**Problem requirements:**
With images removed, transcribe each record exactly as it appears.

**Material supplied:**
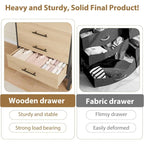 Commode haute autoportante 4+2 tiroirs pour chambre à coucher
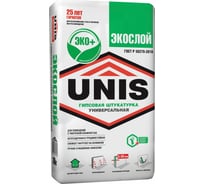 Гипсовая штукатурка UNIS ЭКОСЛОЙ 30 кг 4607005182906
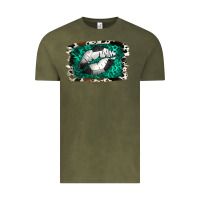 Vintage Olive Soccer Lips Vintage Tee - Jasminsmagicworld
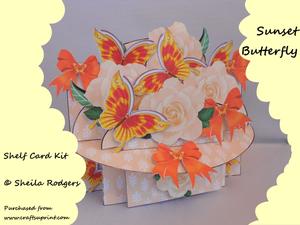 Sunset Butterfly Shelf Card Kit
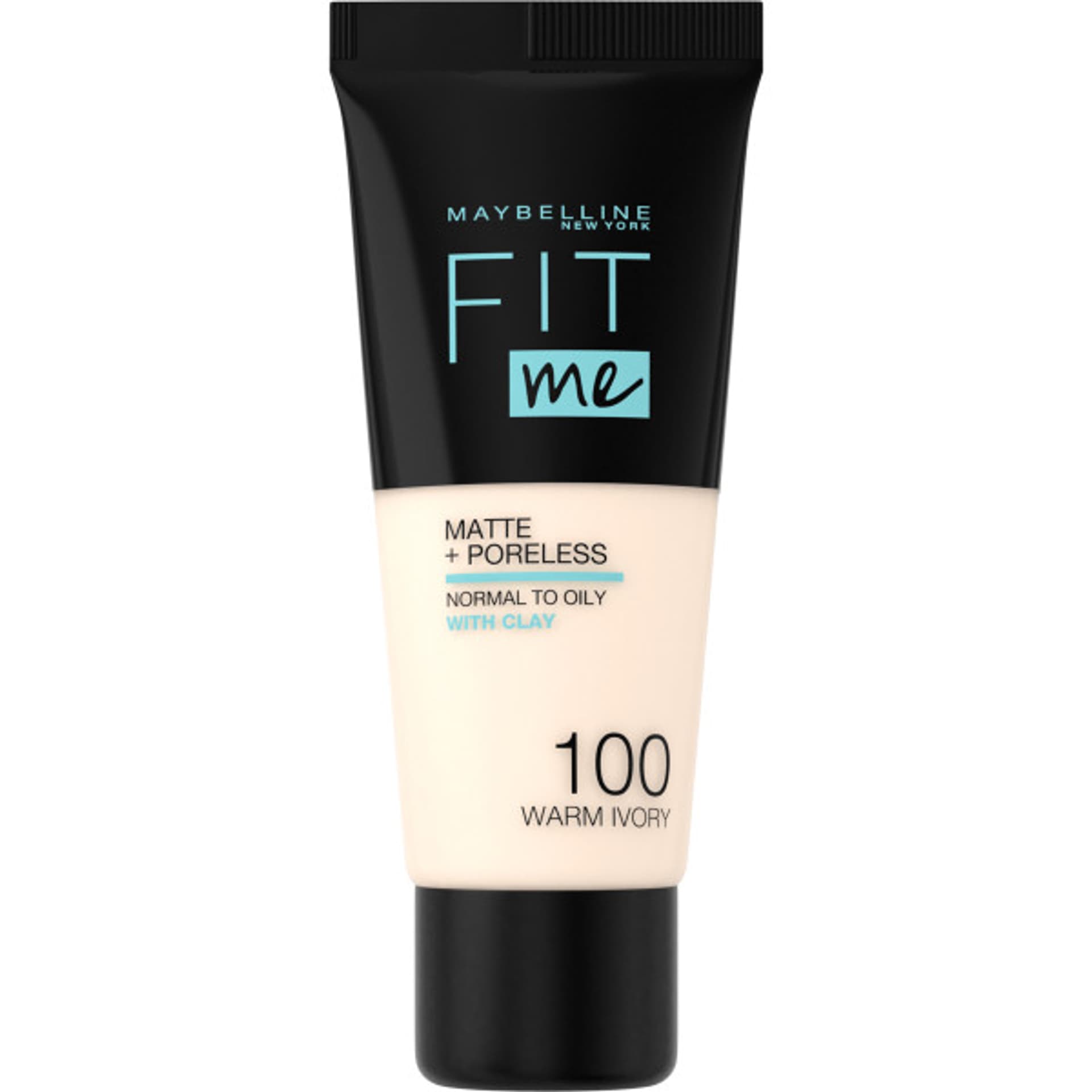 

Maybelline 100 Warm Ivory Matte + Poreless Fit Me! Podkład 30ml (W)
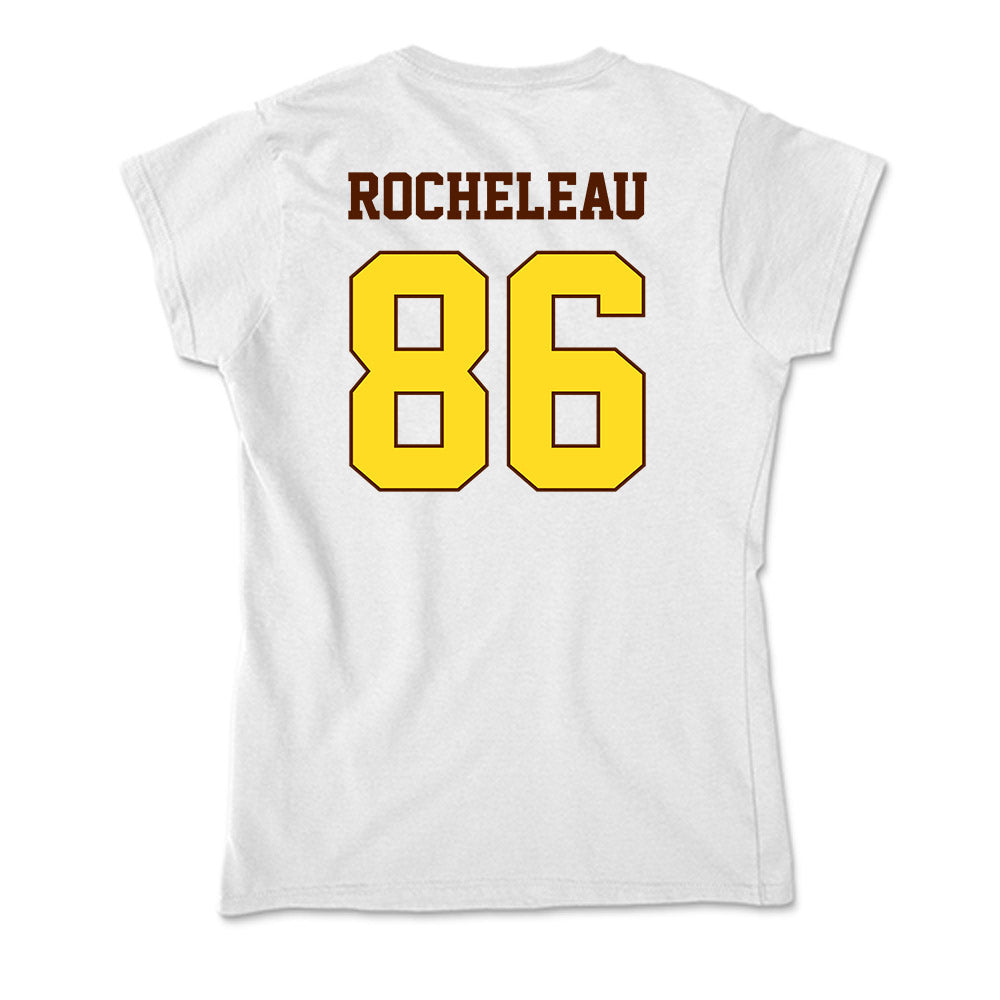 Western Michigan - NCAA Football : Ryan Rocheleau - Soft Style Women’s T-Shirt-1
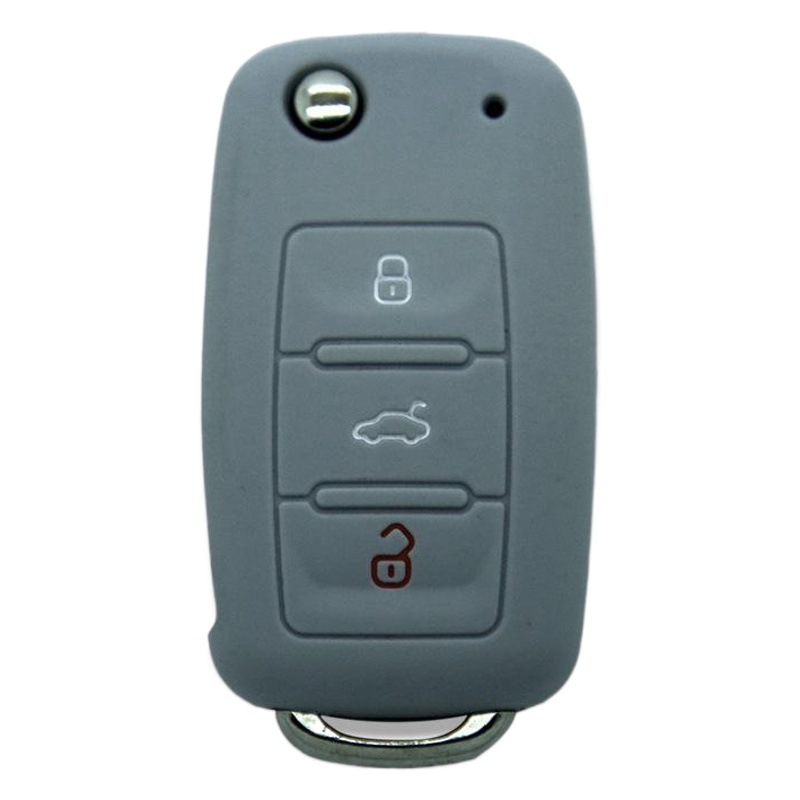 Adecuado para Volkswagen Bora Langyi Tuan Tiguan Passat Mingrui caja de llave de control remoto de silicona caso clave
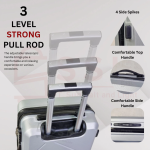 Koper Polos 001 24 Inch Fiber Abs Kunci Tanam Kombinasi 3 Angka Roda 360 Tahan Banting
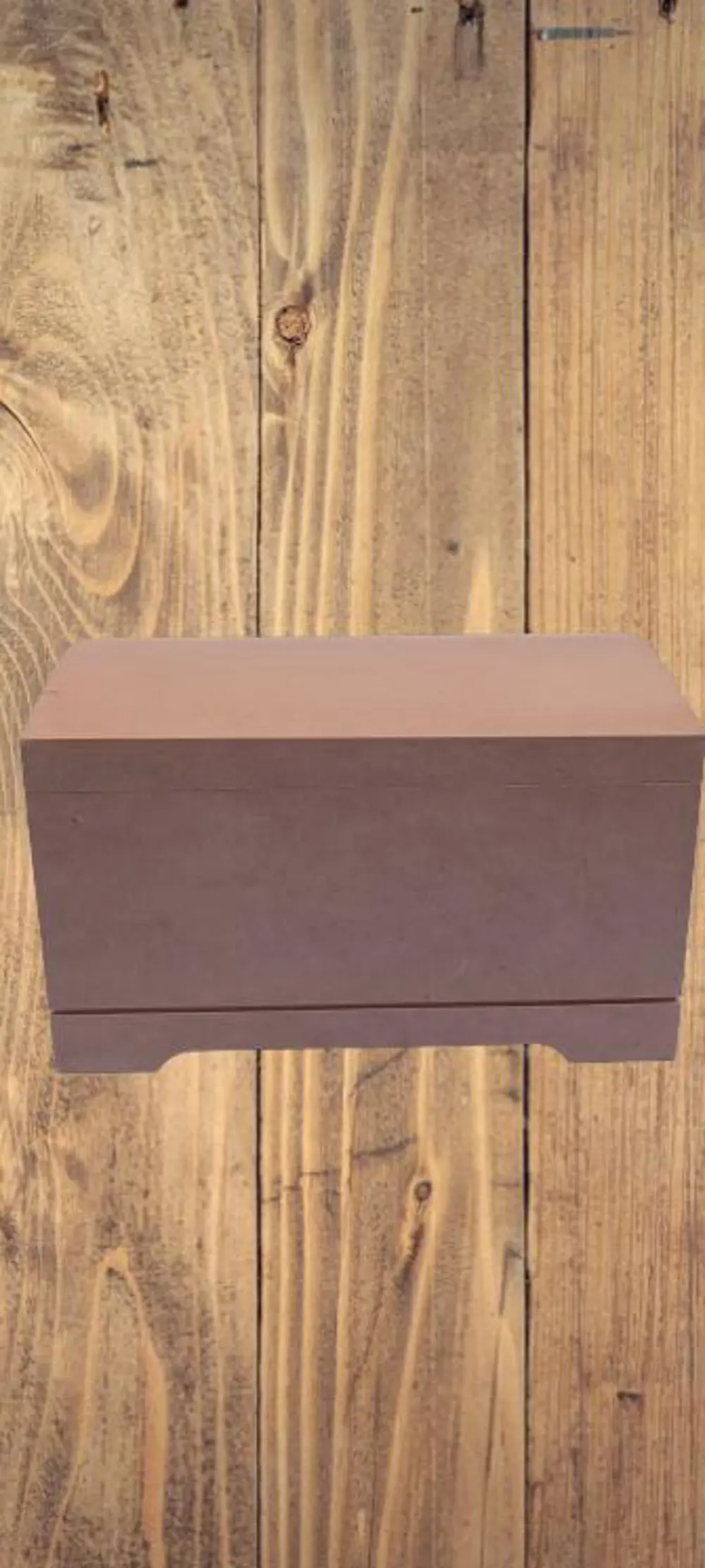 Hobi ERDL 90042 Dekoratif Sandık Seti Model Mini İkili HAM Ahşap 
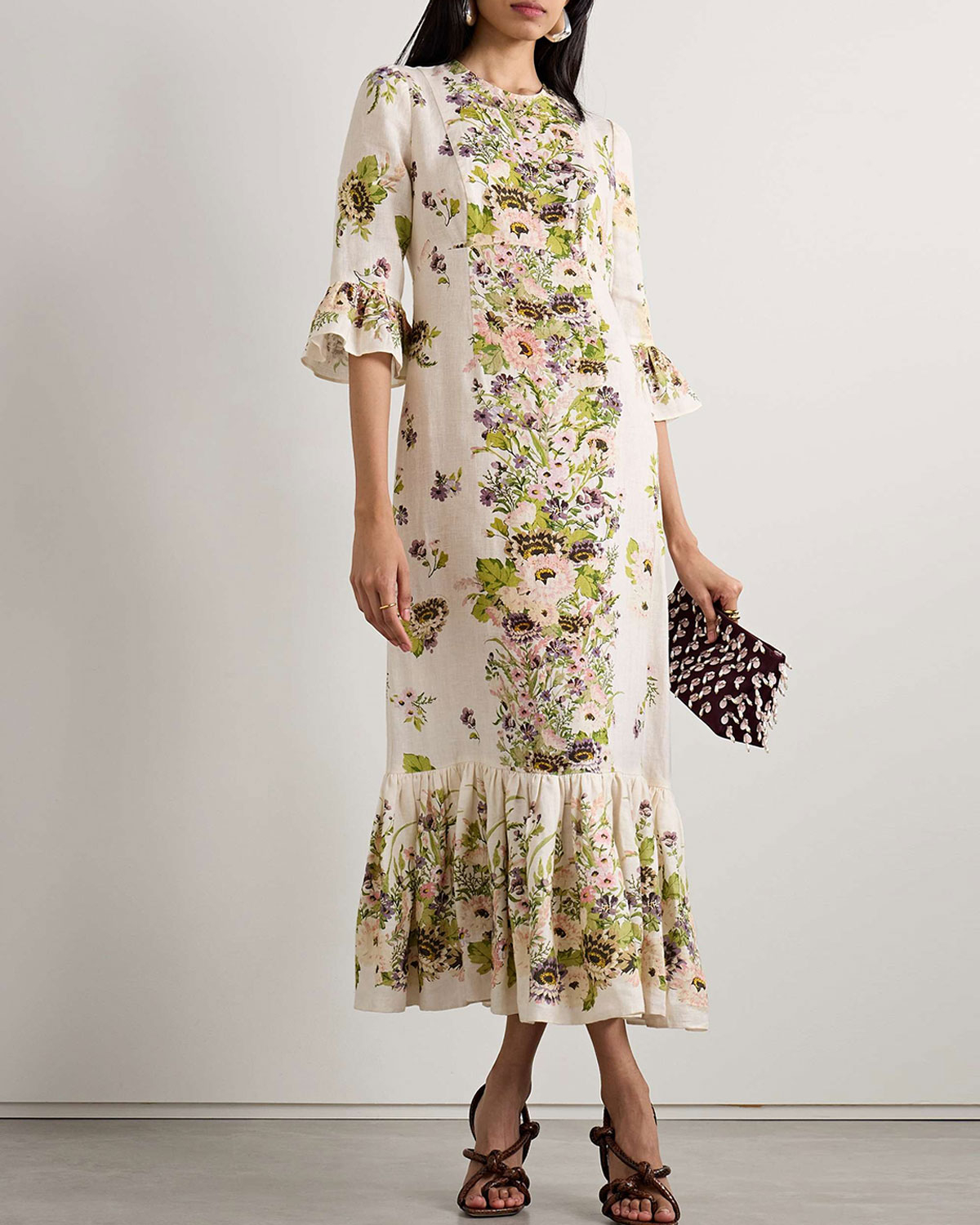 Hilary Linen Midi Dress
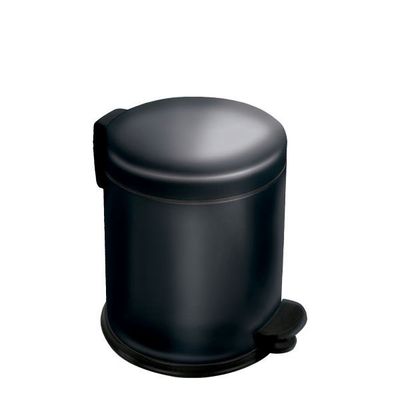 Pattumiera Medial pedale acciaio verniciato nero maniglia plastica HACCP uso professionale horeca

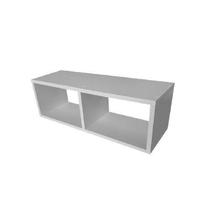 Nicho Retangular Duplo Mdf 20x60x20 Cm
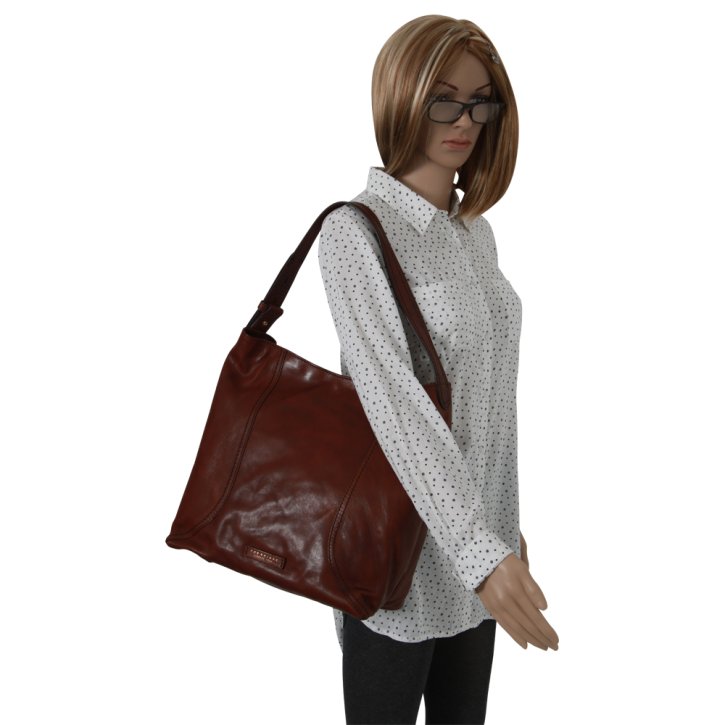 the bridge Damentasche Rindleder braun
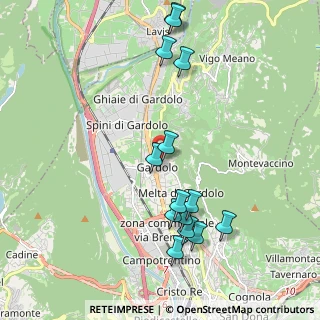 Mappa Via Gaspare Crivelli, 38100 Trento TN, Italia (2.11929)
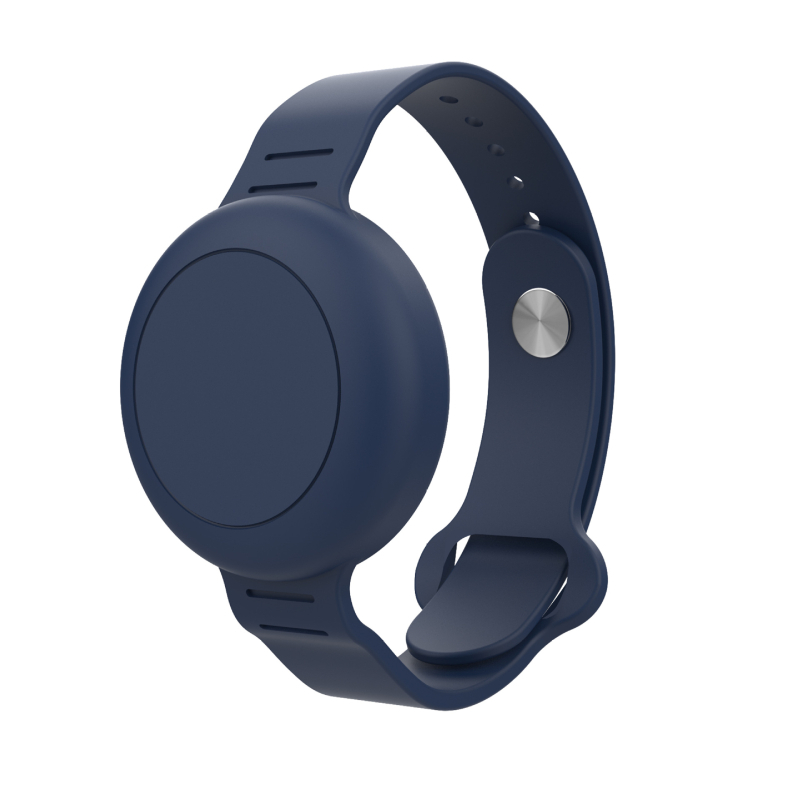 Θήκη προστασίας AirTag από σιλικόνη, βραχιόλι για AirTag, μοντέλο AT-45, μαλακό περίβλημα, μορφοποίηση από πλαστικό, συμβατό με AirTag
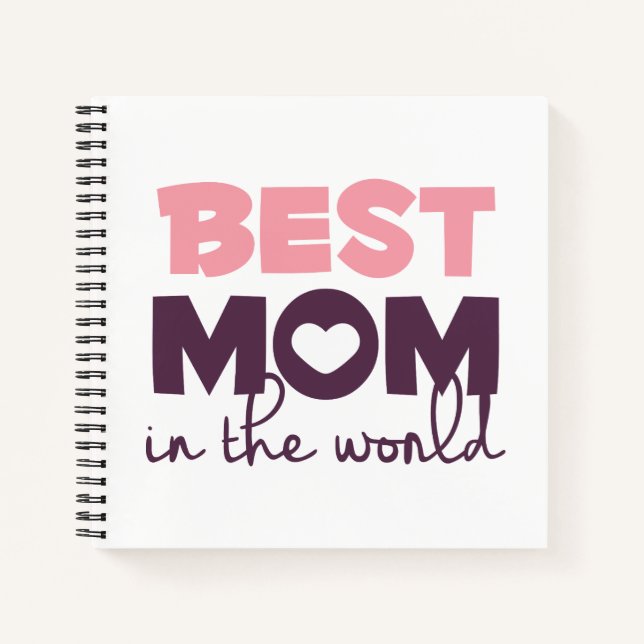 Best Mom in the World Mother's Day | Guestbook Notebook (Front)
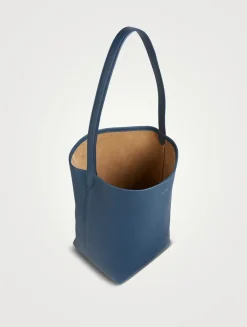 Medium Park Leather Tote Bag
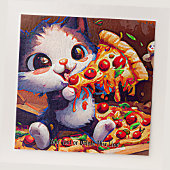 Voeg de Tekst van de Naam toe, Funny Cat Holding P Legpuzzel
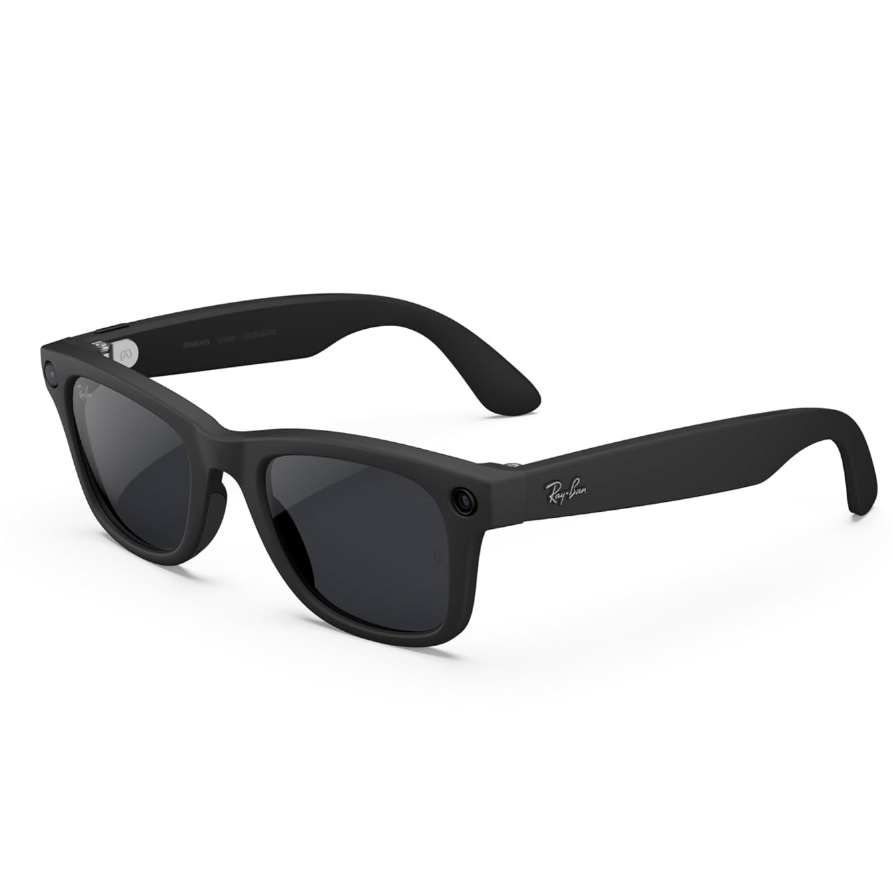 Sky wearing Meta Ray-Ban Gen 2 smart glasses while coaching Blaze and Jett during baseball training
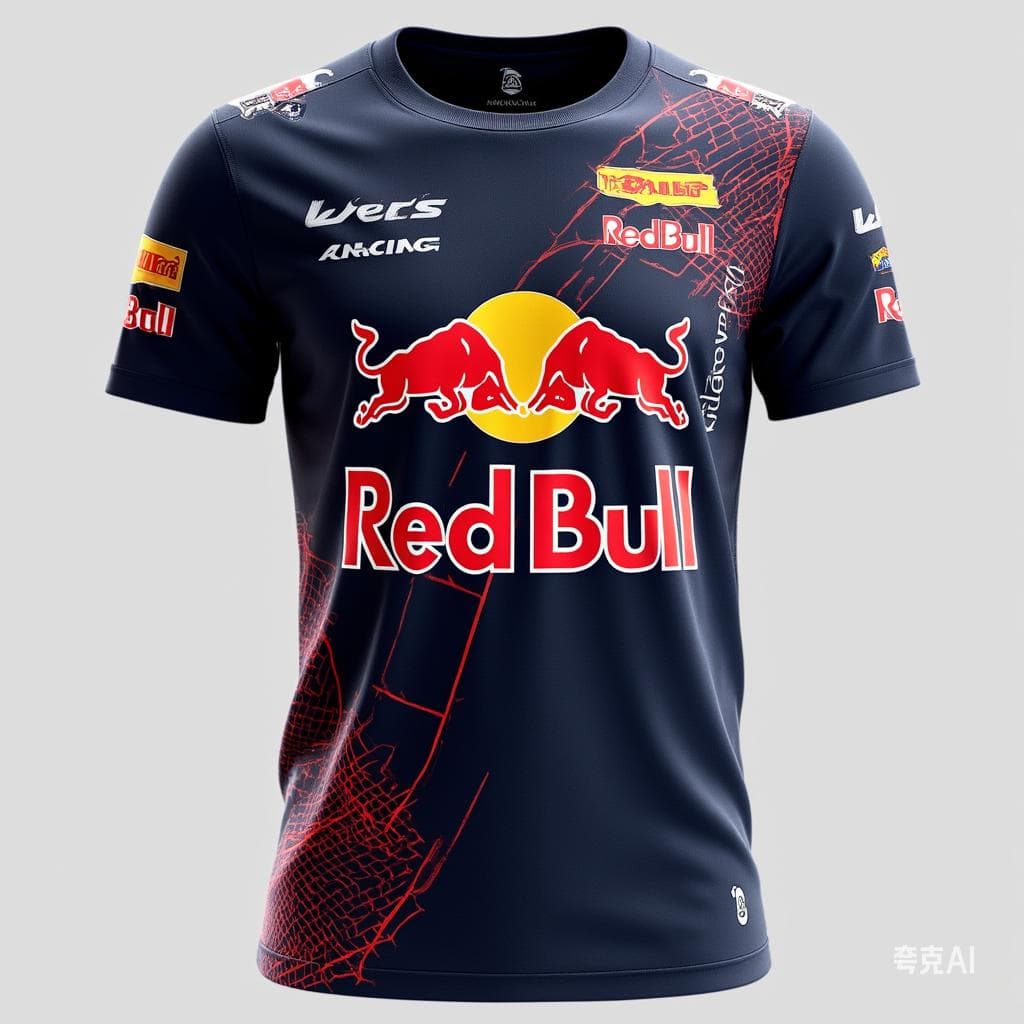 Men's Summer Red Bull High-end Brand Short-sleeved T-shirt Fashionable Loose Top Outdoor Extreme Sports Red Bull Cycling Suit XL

**Answer section:**
 Commode haute autoportante 4+2 tiroirs pour chambre à coucher
 Гипсовая штукатурка UNIS ЭКОСЛОЙ 30 кг 4607005182906
 Vintage Olive Soccer Lips Vintage Tee - Jasminsmagicworld
 Sunset Butterfly Shelf Card Kit

Maybelline 100 Warm Ivory Matte + Poreless Fit Me! Podkład 30ml (W)
 Western Michigan - NCAA Football : Ryan Rocheleau - Soft Style Women’s T-Shirt-1
 Adecuado para Volkswagen Bora Langyi Tuan Tiguan Passat Mingrui caja de llave de control remoto de silicona caso clave
 Koper Polos 001 24 Inch Fiber Abs Kunci Tanam Kombinasi 3 Angka Roda 360 Tahan Banting
 Hobi ERDL 90042 Dekoratif Sandık Seti Model Mini İkili HAM Ahşap 
 Hilary Linen Midi Dress
 Pattumiera Medial pedale acciaio verniciato nero maniglia plastica HACCP uso professionale horeca

 Nicho Retangular Duplo Mdf 20x60x20 Cm
 the bridge Damentasche Rindleder braun
 Mappa Via Gaspare Crivelli, 38100 Trento TN, Italia (2.11929)
 Θήκη προστασίας AirTag από σιλικόνη, βραχιόλι για AirTag, μοντέλο AT-45, μαλακό περίβλημα, μορφοποίηση από πλαστικό, συμβατό με AirTag
 Best Mom in the World Mother's Day | Guestbook Notebook (Front)
 Medium Park Leather Tote Bag
 Voeg de Tekst van de Naam toe, Funny Cat Holding P Legpuzzel
 Sky wearing Meta Ray-Ban Gen 2 smart glasses while coaching Blaze and Jett during baseball training
 Men's Summer Red Bull High-end Brand Short-sleeved T-shirt Fashionable Loose Top Outdoor Extreme Sports Red Bull Cycling Suit XL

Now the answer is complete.